Our study has several limitations. In order to tailor our values to the institution-specific vision of residency selection outlined by the AAMC, our study is specific to our local institutional culture. While aspects of our work including our literature review and comparison to the ACGME Core Competencies are quite broad and we anticipate that several of these values are also paramount for success in other internal medicine-pediatrics programs and categorical internal medicine and pediatric programs, this has not been studied. Our study is also limited in that, while we can say that our values-informed rank list had different applicant characteristics in respect to standardized testing, we cannot definitively say that these applicants were different in other metrics. In addition, for this initial implementation, the reviewers were able to see the applicant’s Step 2 score. Importantly, we acknowledge that the residency application is fraught with bias, as letters of recommendation and medical student performance evaluation are subjective and can introduce bias into the application process.35 As these sections form the backbone of the application, it is possible we have simply replaced one biased metric with another. We also acknowledge that while Step 2 is biased, there is evidence that it has some predictive value in resident success.36 Because the values score uses the entire application rather than simply grades or standardized scores and is not correlated with Step 2 score, we are optimistic that values scoring may mitigate the bias from traditional metric data. We have not been able to follow these applicants over time to evaluate their productivity, innovation, or satisfaction in our residency program. Lastly, although this tool may be able to translate to applicant screening, this has not yet been validated.

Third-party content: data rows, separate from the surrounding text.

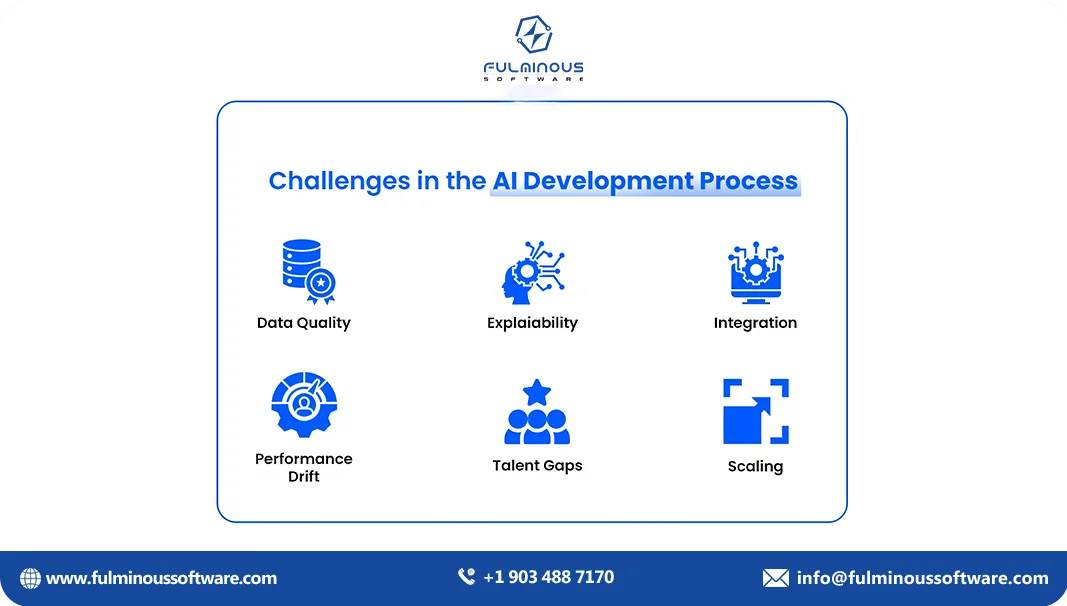 challenges in ai development process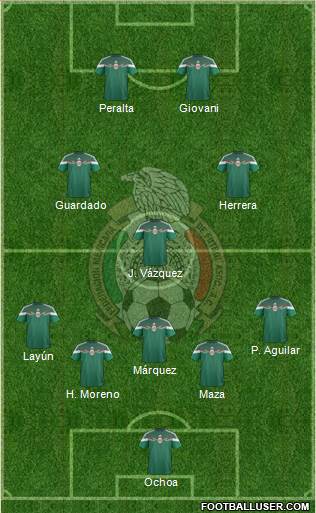 Mexico Formation 2014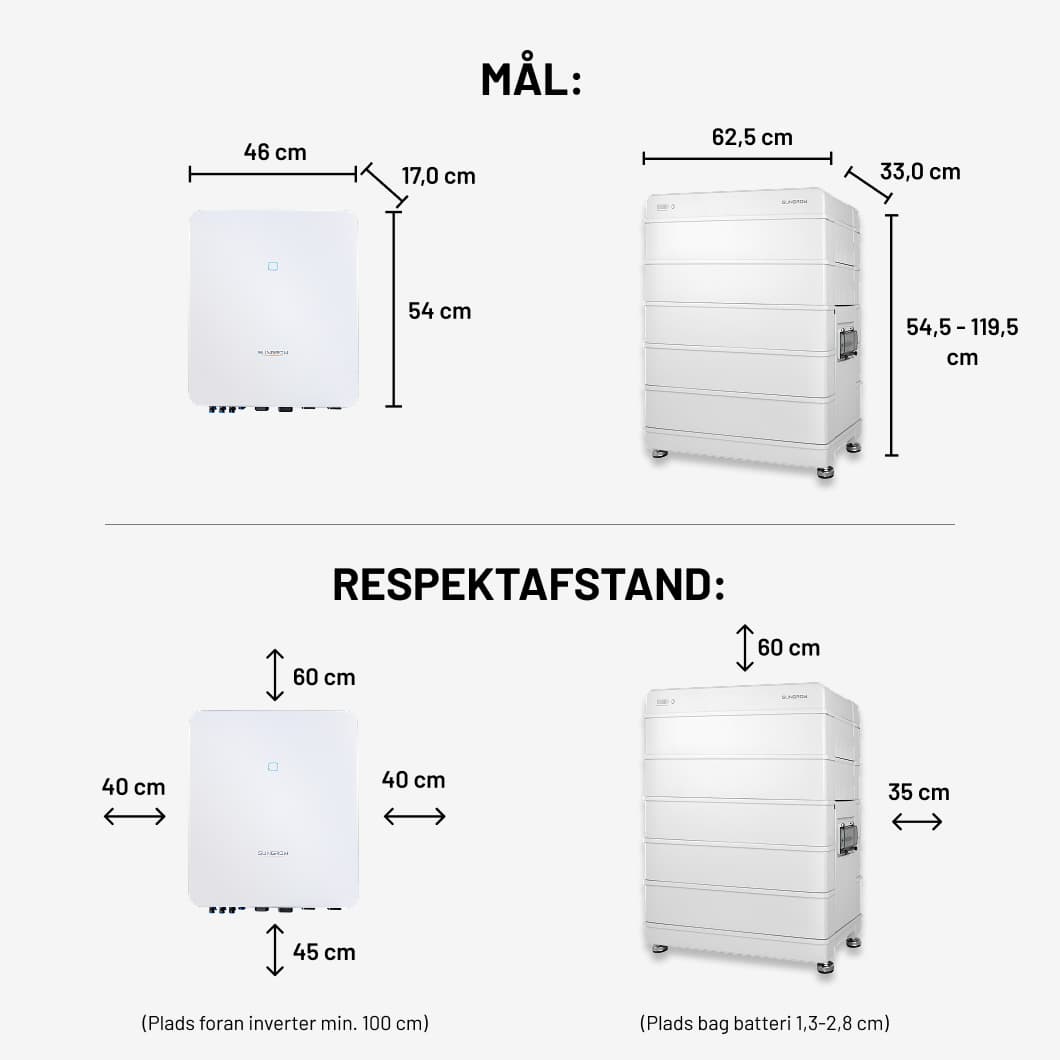 Sungrow SRB mål og respektafstand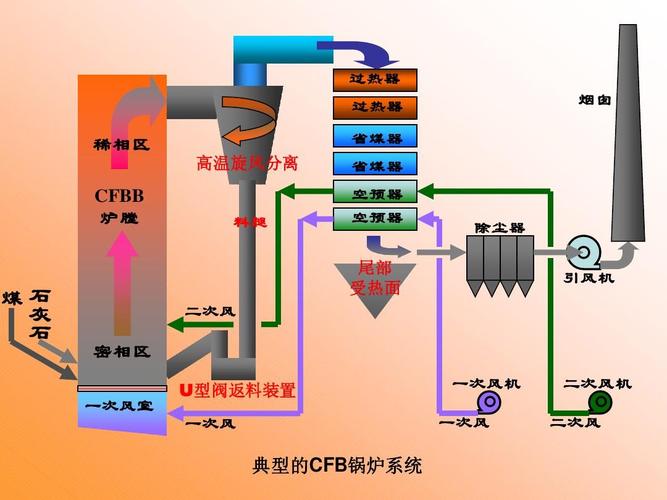 循环流化床锅炉工作原理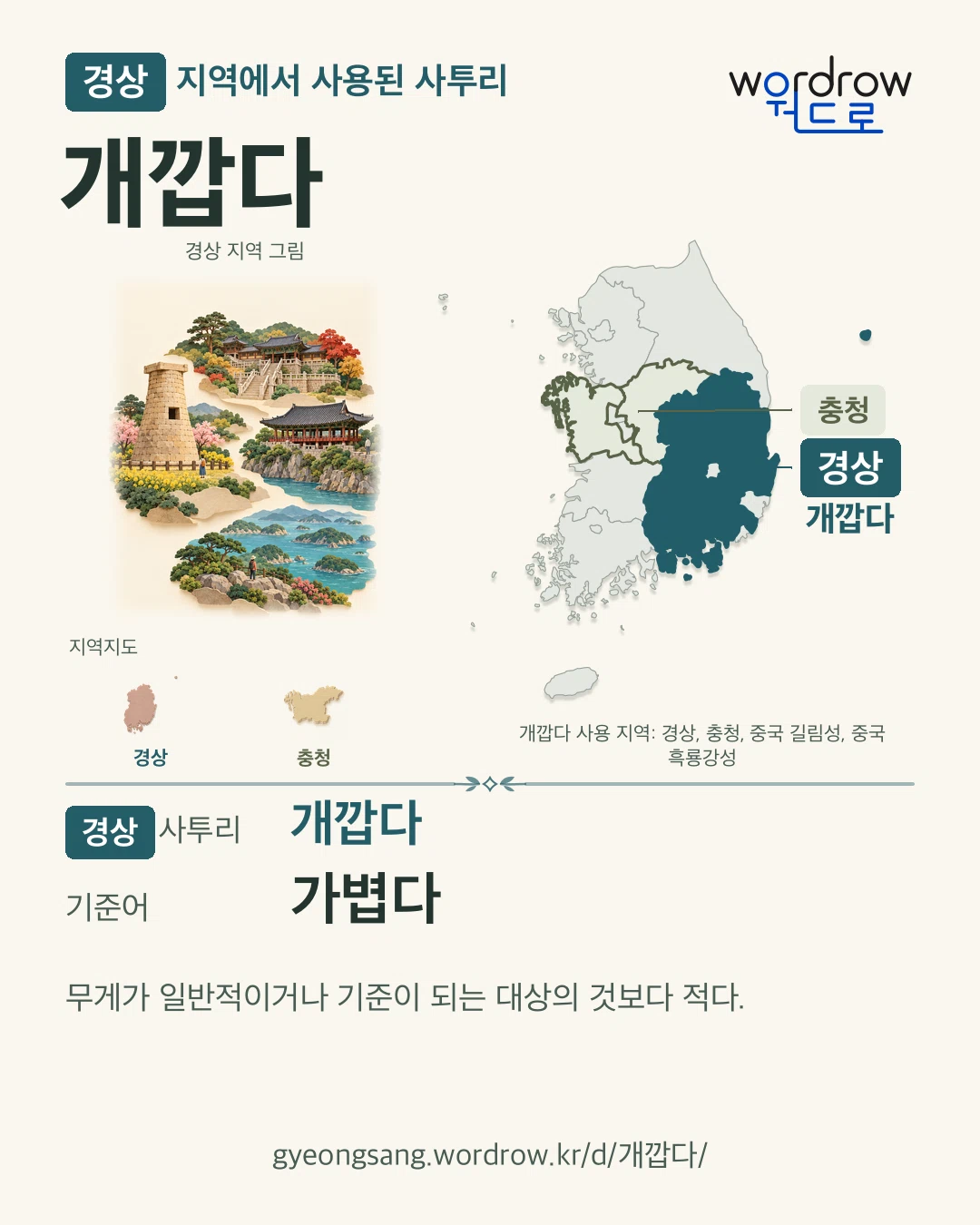 경상 지역에서 사용된 사투리 ‘개깝다’. 기준어: 가볍다. 기록 지역을 표시한 지역 그림과 지도 카드.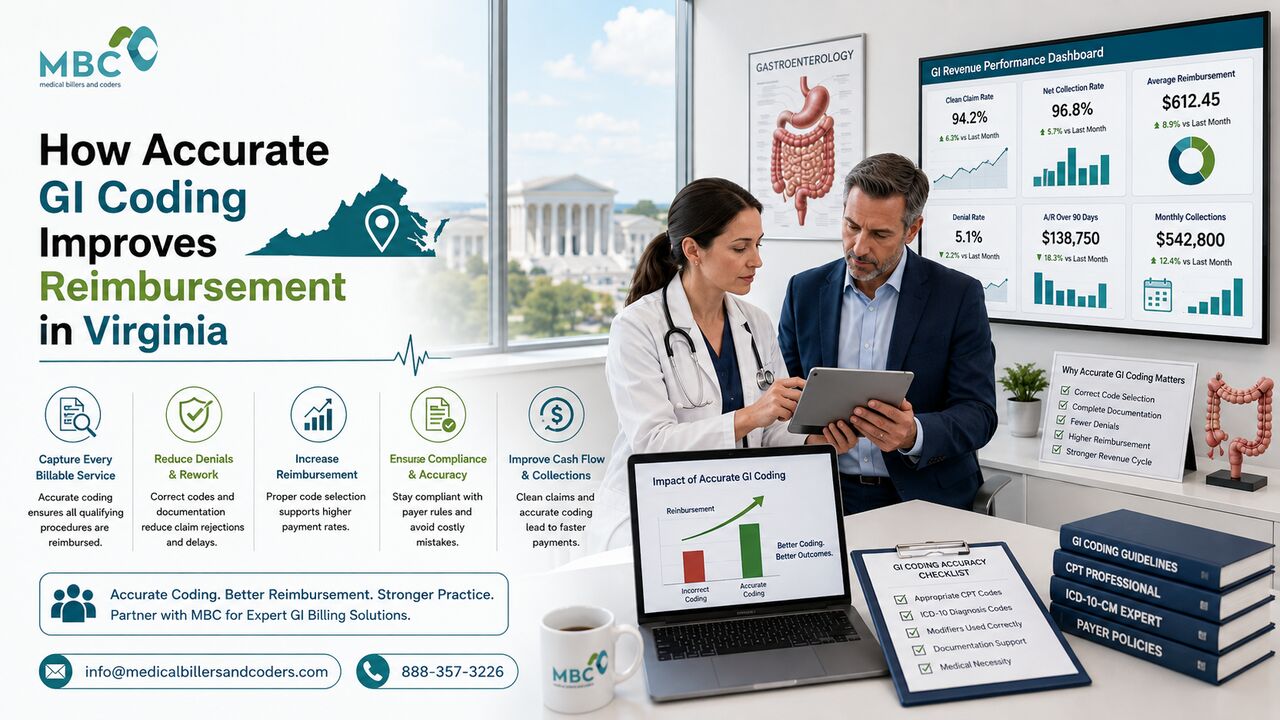 New York, Legal, How Accurate GI Coding Improves Reimbursement In Virginia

We sought to publish our process to serve as a roadmap for other programs to create their own specific values as an aid in their resident selection and training process. While many values may overlap, we expect that other programs could identify additional values important for success in their programs. Given the local nature of this study, next steps could include expanding our study to include a multisite validation with other residency programs and potentially a more inclusive, multidisciplinary set of stakeholders. Ideally performing a multisite validation of the rubric would strengthen the validity of our values-based system. Given the time-intensive process of this work, we limited it to the interview stage. Next steps may also include creating a machine-learning tool using natural language processing to automate screening for these values in residency applications to aid in values-based interview selection. Our objective would be to further mitigate bias through an automated objective tool, rather than human evaluation, and to implement these values at the applicant screening stage. Further work will also validate these values with ACGME milestone data and other markers of residency success as we are able to track residents over time in our program.